The agua might yet prove to be a problem. Back in June I was told that the reservoirs were far from full and there hasn't really been serious rain since then, despite the moaning. Thursday's weather was back up to summer standard: predicted high of 29 in Vigo, 30 in Pontevedra and 32 in Orense. Quite cool for Orense! On the north coast of Galicia, it is cooler; Coruña can expect a high of 24 or 25. Even that seems quite nice to me!

Today, Friday, is equally hot!

In the playing room at the chess tournament yesterday they were all suffering from the heat. The wind direction must have been wrong for keeping the room cool. Outside on the other hand it was quite pleasant.

On Wednesday after Phil finished his game we opted to walk down into Pontevedra centre. It was quite a pleasant walk even though it probably took us about 45 minutes. I can't say I would fancy doing it in the opposite direction - all up hill! I considered walking down again on my own while Phil played on Thursday but then he gave me his laptop to take care of and somehow walking down with a full rucksack, even a mini one, lost its appeal. I fancied taking a look at what was going on in the centre.

This week is "Semana Grande", Pontevedra's big week, when lots of street theatre takes place. And in the evening groups of young people rampage around drinking and throwing stuff at each other! Maybe another day I will make it down to take some pictures.
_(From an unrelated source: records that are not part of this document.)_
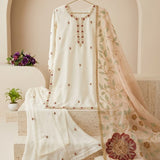 Classic Off-white Georgette Top Plazzo
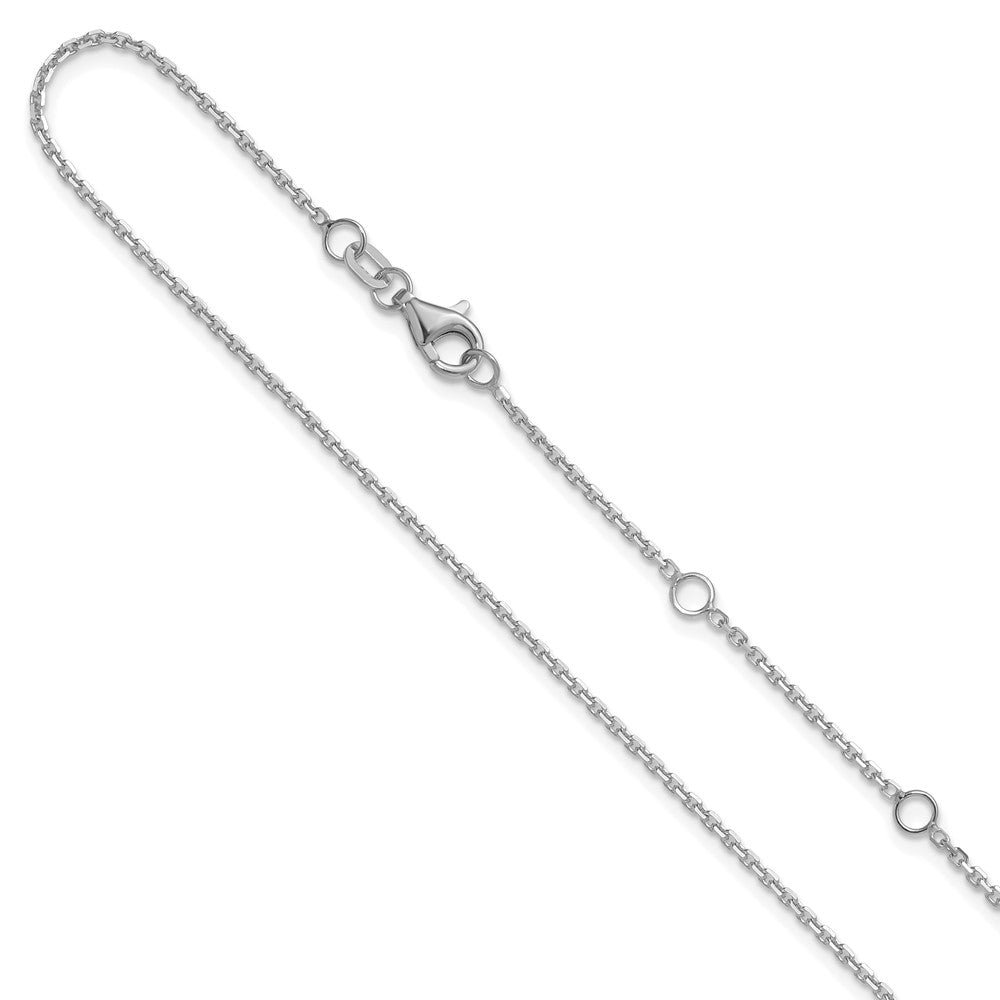 14K White Gold 1.4mm Diamond-cut Square Cable 1in+1in Adjustable Chain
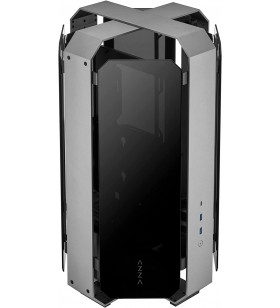 Azza opus - pc case - atx tower with 360° design, detachable tempered glass panels and cnc-milled aluminum frame, dual orientations, supports 360mm gpu and radiator, pci-e 3.0 x16 riser cable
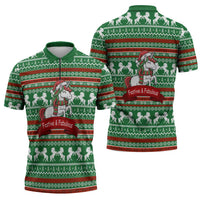 Unicorn Festive Fabulous Christmas Zipper Polo Shirt Xmas Holiday Patterns - Wonder Print Shop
At various points in the festivities there will be fireworks. Some of the organisers and helpers at the "campus" were discussing the possibility of taking the youngsters down into town on Saturday evening to watch them. It should, they reckoned, be feasible if enough organisers and helpers with cars go their act together. Then the main organiser was consulted. Brilliant idea but ... a big but ... they would need permission from all the parents of the participating youngsters if they were to take them in private cars. He would consider organising a coach!

So health and safety has raised its head here in Galicia too. Knowing the main organiser, I am not at all surprised at his response. And I was reminded of all the trips I used to organise and the forms I had to sign declaring that my students would NOT be involved in various dangerous activities. So it goes.

Thursday, 10 August 2017

Time keeping.

Tuesday was the first day of the Pontevedra chess tournament. Phil, of course, is taking part. The event is organised by someone who has become a friend over the years. Every year the tournament is preceded by a "campus", a kind of training camp for young chess players. A few years ago we organised a kind of chess exchange with him. A group of Manchester youngsters came to the "campus" and played in the tournament and then some months later a group of young Galicians went to Manchester. No "campus" but they stayed with chess families, went to the club and then won loads of prizes in a tournament. Not bad!
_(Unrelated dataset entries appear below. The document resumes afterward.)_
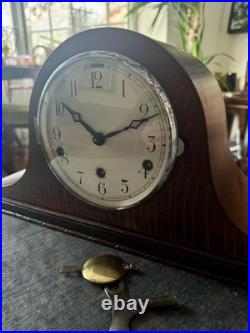 Vintage German Westminster Chime Mantel Clock Serviced Rich Tone Working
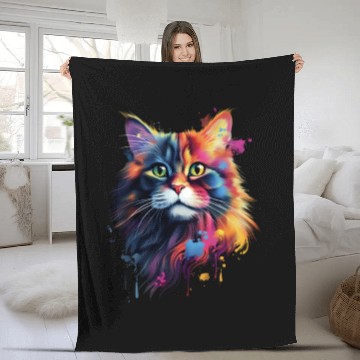 Discover Color Explosion Persian Cat Art Fleece Blankets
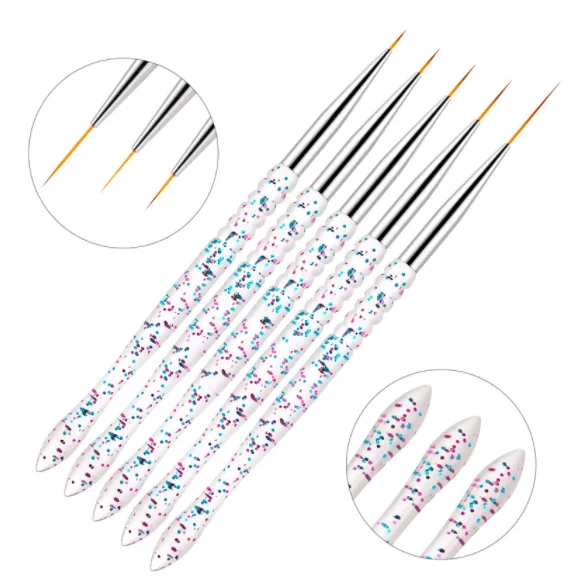 nail polish smooth crown-Brush Set | Clear Glitter Liner Art Brush (5in1)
The "campus" and the tournament take place in a big private school in the outskirts of Pontevedra. It's a prestigious international school with dormitories, which are extremely useful if you are planning a week long residential training session. The disadvantage is that it is up in the hills, so far from the centre of town that access is difficult. You can't just stroll out from town to get there. And so the tournament organisers put on a bus, picking up from Pontevedra bus station half an hour before play starts. Very good!

And so we should have had no problem getting there. Not so! A combination of stuff slowed us down all the way along. In the first place the trains from Vigo to Pontevedra were not perfectly timed. We knew we would have a longish wait at the bus station but we were prepared for that. So off we went for a train at 15.10, from Vigo's out of town station, Guixar. Arriving there, we discovered that the train was now leaving, five minutes later, from the town centre station, Urzáiz. This was because of work being done at the station at Redondela in connection with the eventual, long promised, connection with the AVE high speed train service.


We went to get a taxi to the relevant station. Time was pressing! There was a taxi but there seemed to be no driver. Almost at once another arrived but he refused to take us as there was a taxi ahead of him - the driverless one! Not driverless at all! The driver was snoozing with the seat so reclined that he was invisible. He awoke and put his seat back up. Off we went. Would we arrive in time? The next train would be too late. Phew! We made it ... with only minutes to spare!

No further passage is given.